**** THE DATA ****

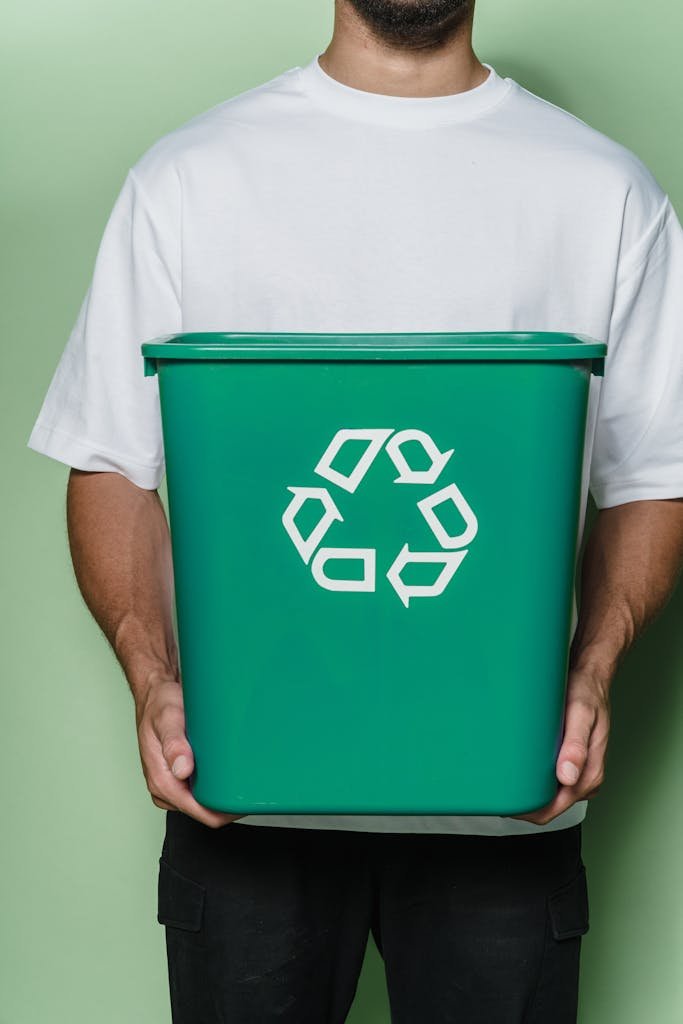 Man in White T-shirt Holding Green Box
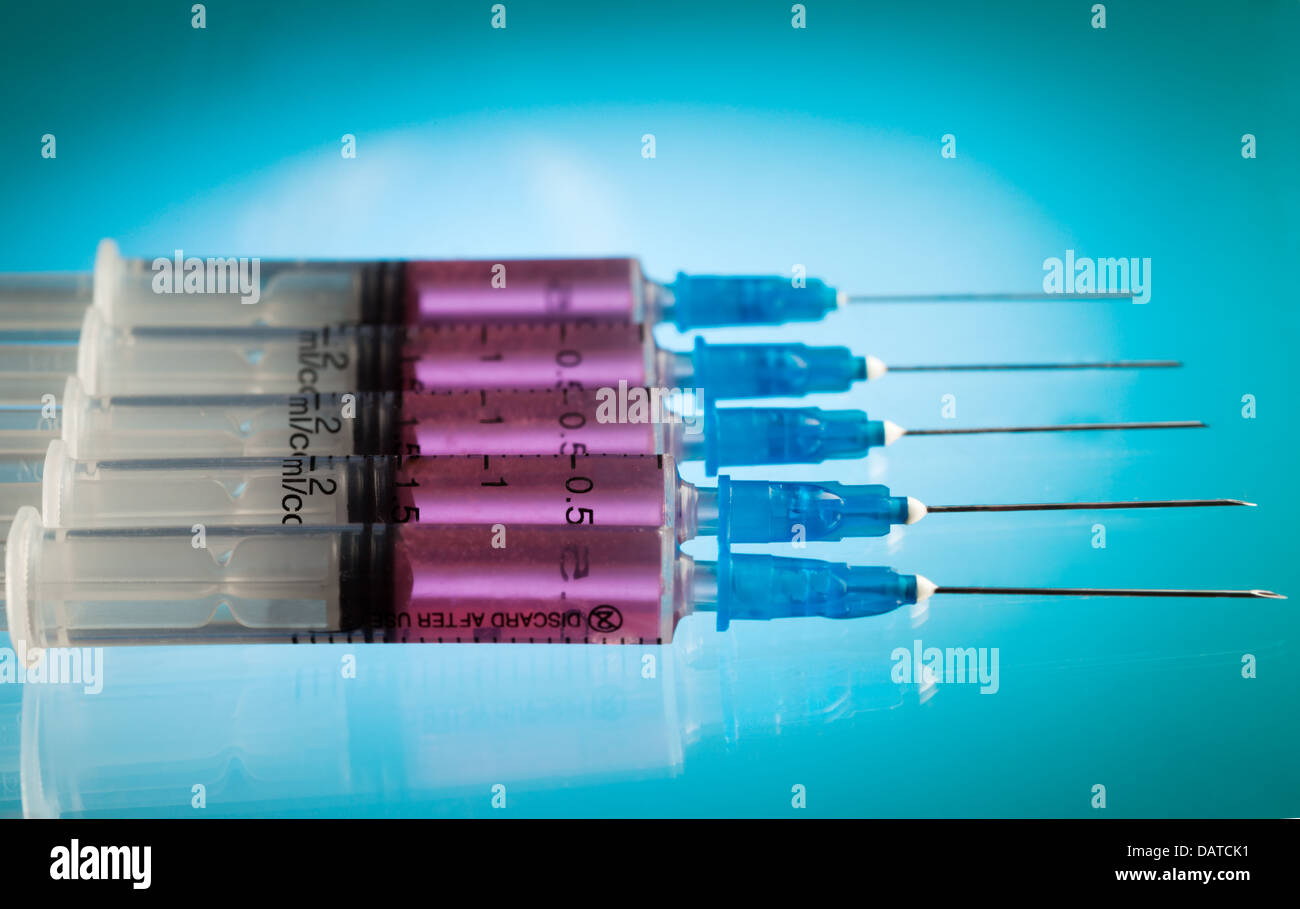 Cinq des seringues en plastique remplie de liquide rose sur le tableau bleu portant dans une rangée Banque D'Images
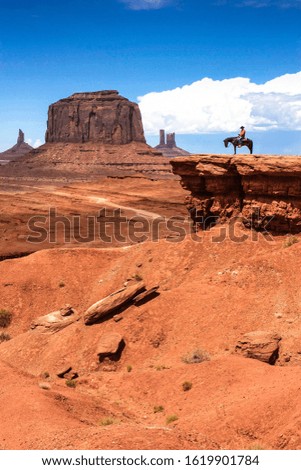 Legendary scene of a cowboy in Monument Valley (USA)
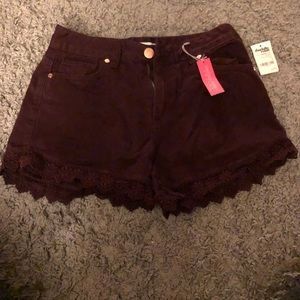 Two pairs of high waisted denim shorts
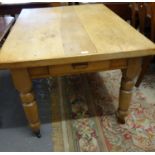 Late Victorian pine single drawer farmhouse table on baluster turned legs and casters. 125x92x76cm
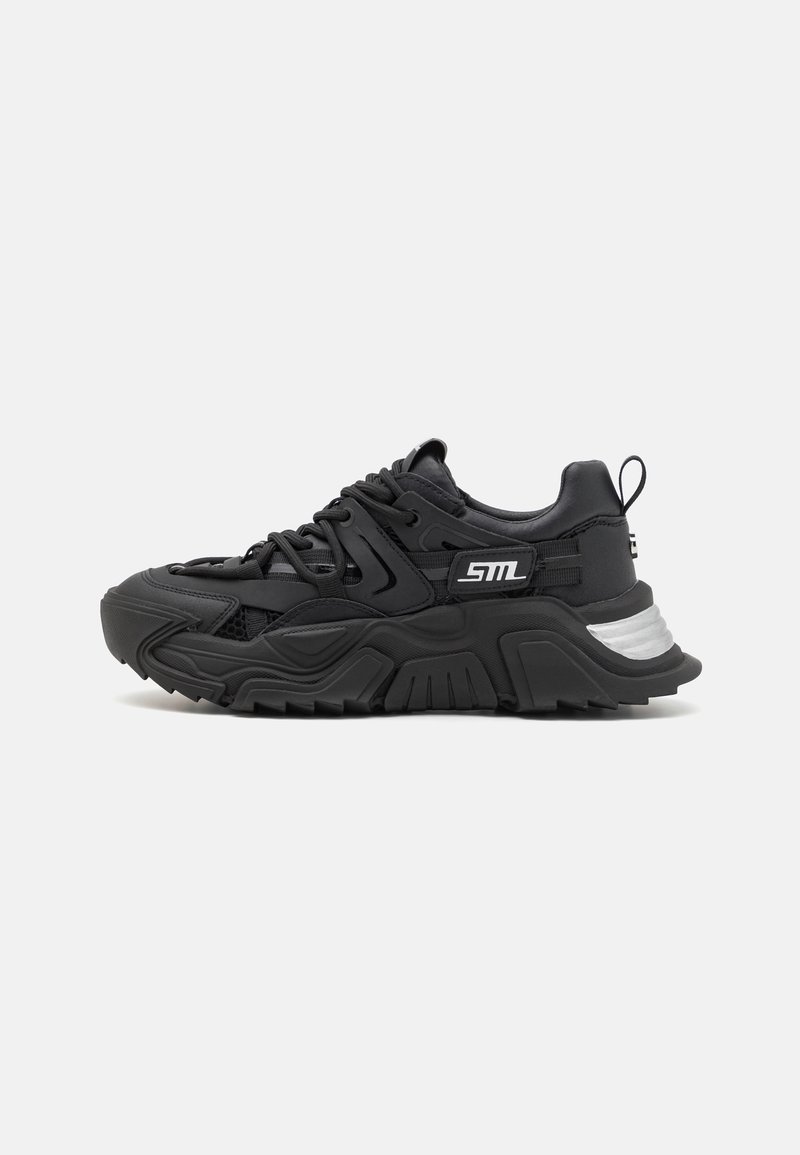 Černé tenisky s robustním, texturovaným designem. Mají síťovinové panely, silné gumové podrážky a stříbrný akcent na patě s tkaničkami pro upevnění.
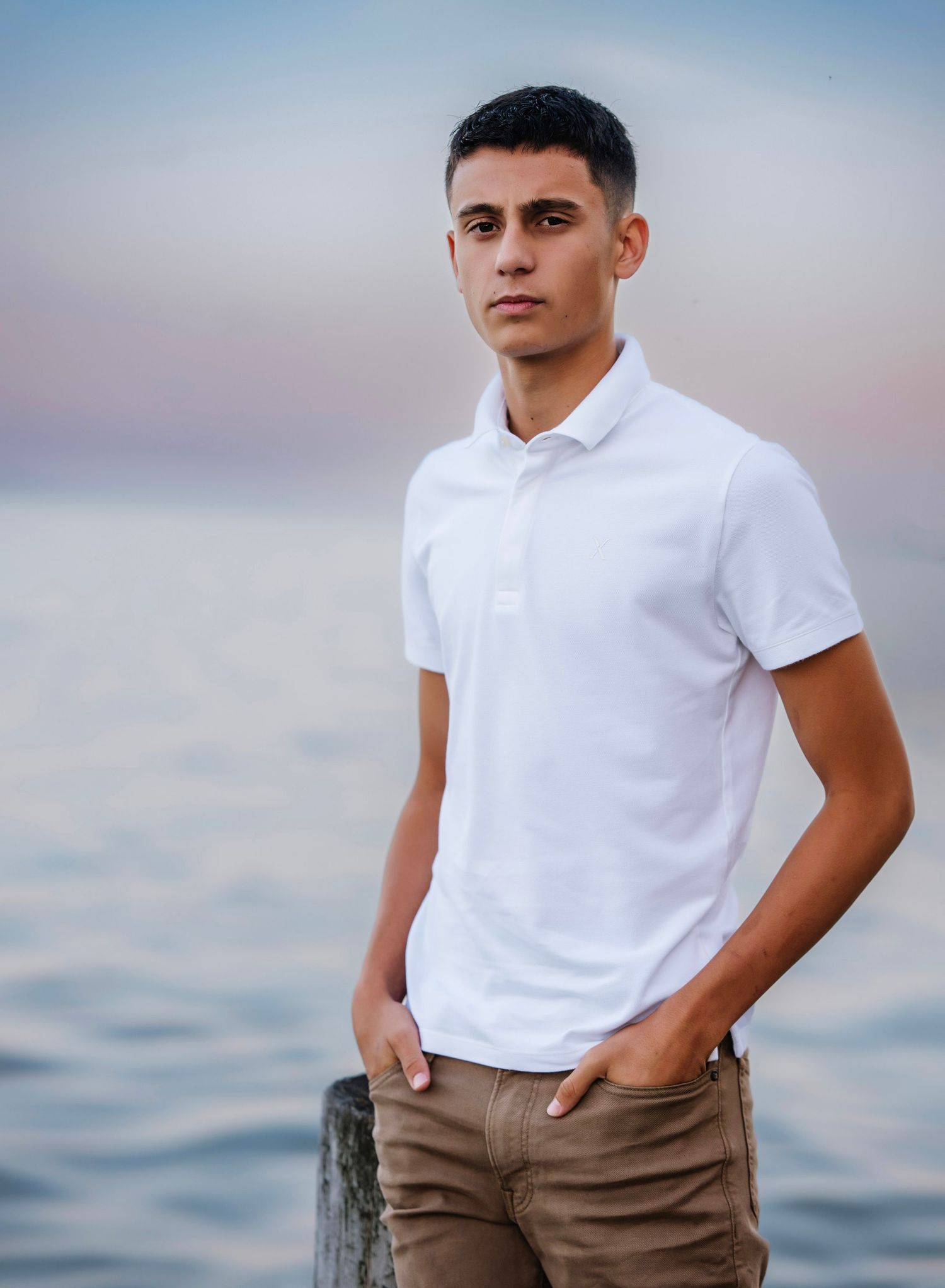 Young man in white polo shirt and khaki pants standing by the ocean at sunset with hands in pockets.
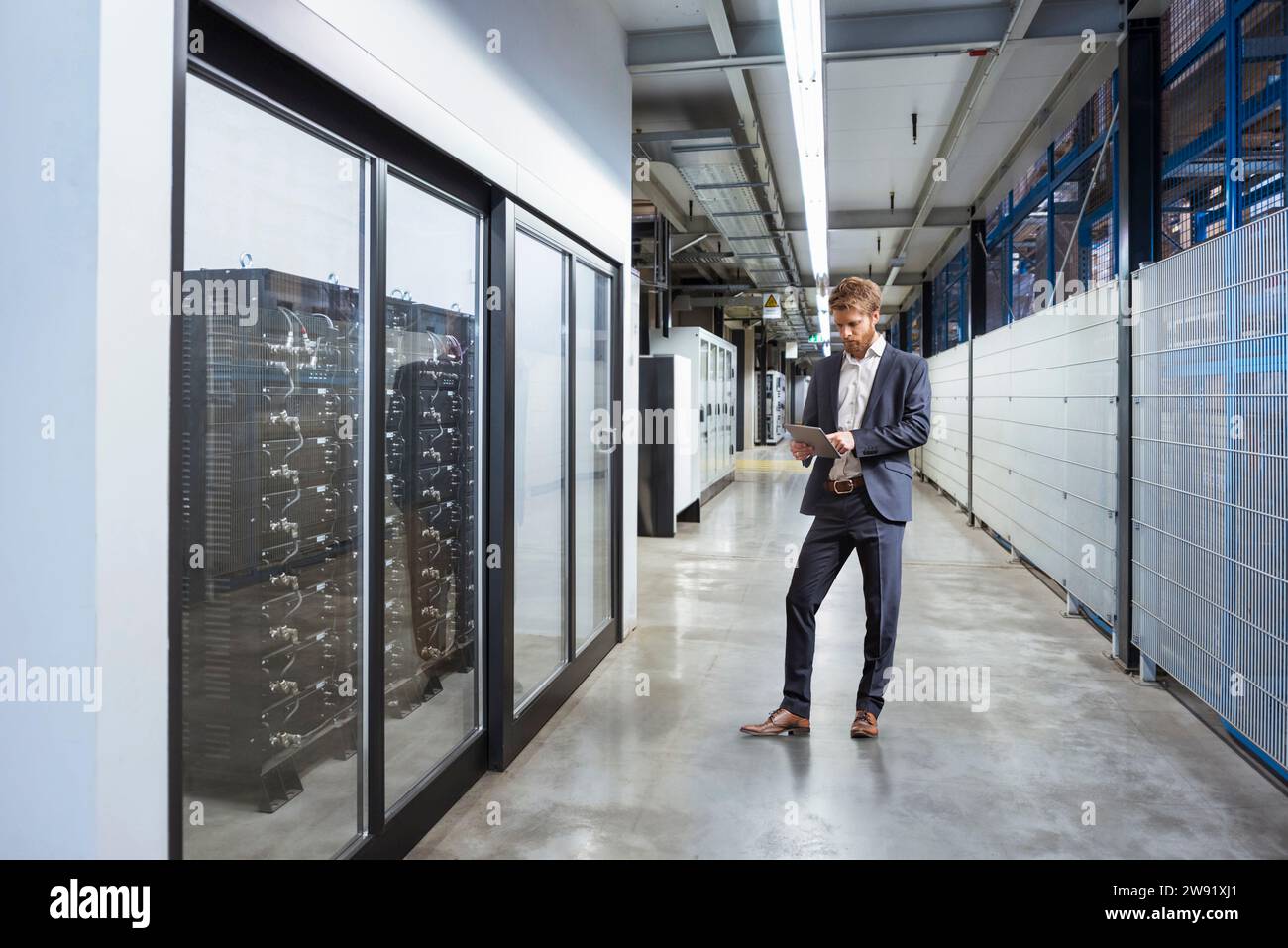 Manager using tablet PC at industry Stock Photo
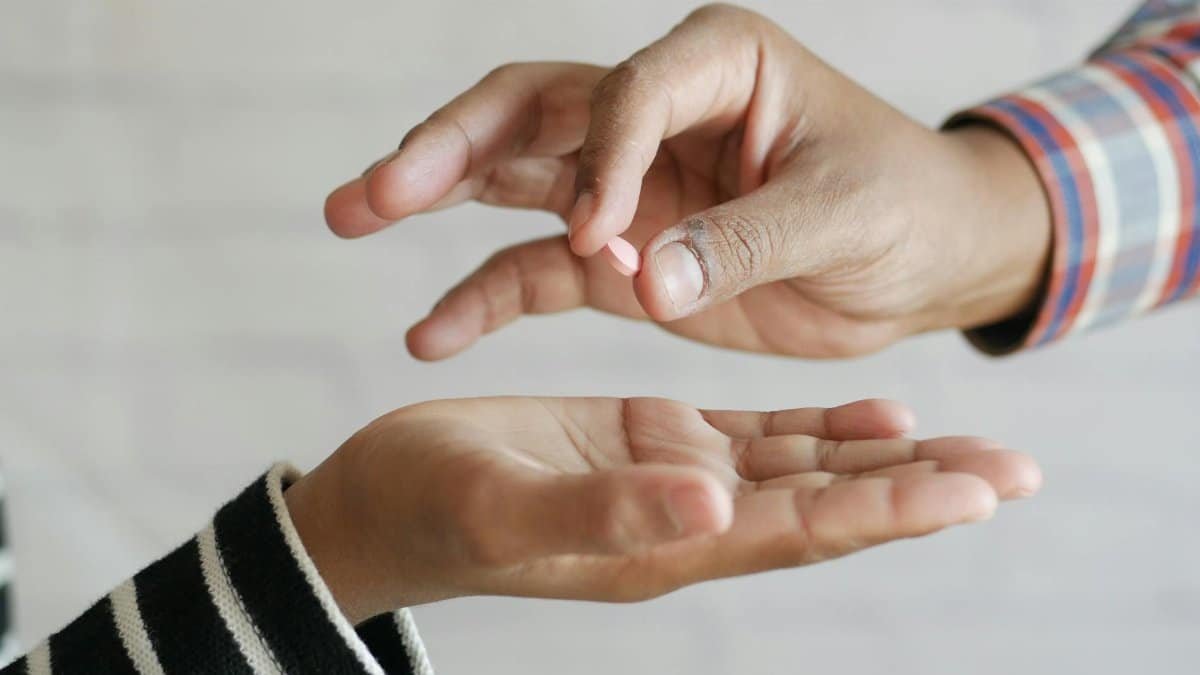 Close-up of hands exchanging a single pill, symbolizing medication sharing.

****

Print the records again exactly, pictures excluded.

ANSWER SECTION:
 Man in White T-shirt Holding Green Box
 Cinq des seringues en plastique remplie de liquide rose sur le tableau bleu portant dans une rangée Banque D'Images
 Legendary scene of a cowboy in Monument Valley (USA)
 Two pairs of high waisted denim shorts
 Late Victorian pine single drawer farmhouse table on baluster turned legs and casters. 125x92x76cm
 Černé tenisky s robustním, texturovaným designem. Mají síťovinové panely, silné gumové podrážky a stříbrný akcent na patě s tkaničkami pro upevnění.
 Young man in white polo shirt and khaki pants standing by the ocean at sunset with hands in pockets.
 Manager using tablet PC at industry Stock Photo
 Close-up of hands exchanging a single pill, symbolizing medication sharing.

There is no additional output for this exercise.